Note that all elements in \(\mathbf{M }_\mathrm{{MP}}\) and \(\mathbf{M }_\mathrm{{AP}}\) are either 1 or 0, and thus we have

$$\begin{aligned} \left\| \mathbf{M }_\mathrm{{AP}}[a_0,:] \right\| = \sum \mathbf{M }_\mathrm{{AP}}[a_0,:]. \end{aligned}$$
(6)

Thus,

$$\begin{aligned} \sqrt{\left\| \mathbf{M }_\mathrm{{AP}}[a_0,:] \right\| }=\ \sqrt{\sum {\mathbf{M }_\mathrm{{AP}}\left[ a_0,:\right] }}=\sqrt{N_{\mathrm{{papers\ published\ by \ author \ }}a_0}}. \end{aligned}$$
(7)

In the same way,

$$\begin{aligned} \sqrt{\left\| \mathbf{M }'_\mathrm{{MP}}[a_0,:] \right\| }=\ \sqrt{\sum {\mathbf{M }'_\mathrm{{MP}}\left[ a_0,:\right] }}=\sqrt{N_{\mathrm{{papers\ which\ include\ the \ MeSH\ term \ }}m_0}}. \end{aligned}$$
(8)

Equation 4 can therefore be rewritten as

$$\begin{aligned} { HeteSim}(a_0,m_0 | a_0\in A,m_0 \in M) = \frac{\mathbf{M }_\mathrm{{AP}}[a_0,:]\cdot \mathbf{M }'_\mathrm{{MP}}[m_0,:]}{\sqrt{\sum \mathbf{M }_\mathrm{{AP}}[a_0,:]}\cdot \sqrt{ \sum \mathbf{M }'_\mathrm{{MP}}[m_0,:]}}, \end{aligned}$$
(9)

and interpreted as

$$\begin{aligned} \begin{aligned}&{ HeteSim}(a_0,m_0| a_0\in A,m_0 \in M) \\&\quad =\frac{N_{\text {papers published by author }a_0 \text { which include the \textit{MeSH} }\text { term } m_0}}{\sqrt{N_{\text {papers published by author }a_0}}\cdot \sqrt{N_{\text {papers\ which \ include\ the \ MeSH \ term }m_0}}}. \end{aligned} \end{aligned}$$
(10)

Though HeteSim is quite suitable for our task, there are some disadvantages.
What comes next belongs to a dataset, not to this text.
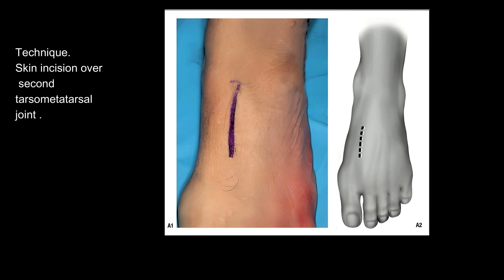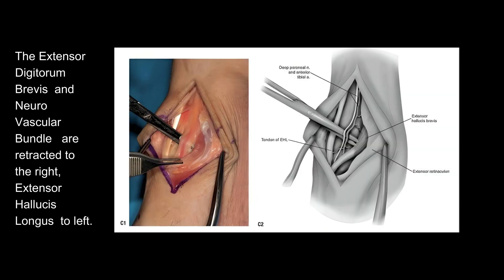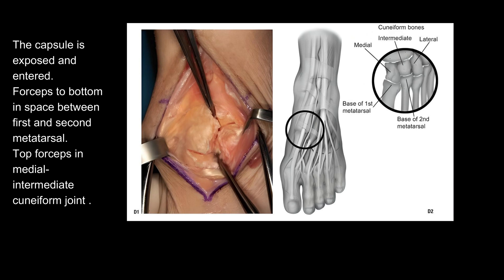Technique: skin incision over the second tarsometatarsal joint. The EHL is identified and retracted by scissors. Forceps are on the extensor digitorum brevis, EDB. The extensor digitorum brevis and neurovascular bundle are retracted to the right, extensor hallucis longus to the left. The capsule is exposed and entered. Forceps to the bottom in the space between the first and second metatarsal, top forceps in the medial-intermediate cuneiform joint.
The most important one is that HeteSim is a “global” measure in a sense. When the similarity between an author and a MeSH term is calculated, all papers are taken into consideration, even those which have no connection with the target author. For example, if someone published a paper with a MeSH term M1, the similarity of all authors with M1 will decrease even if none of them has ever worked with him or her. As a matter of fact, the original HeteSim measures the contribution of each author to the total knowledge (limited in the data set) of a MeSH term. However, the expertise we want to examine refers to the MeSH term where an author conducted most of his or her work. In a real-world situation, one can only contribute to several hundreds of papers at most. And if we compare this fraction of papers to the tremendous overall amount of papers available in online databases, the similarity will be significantly small and the original HeteSim will have a poor performance.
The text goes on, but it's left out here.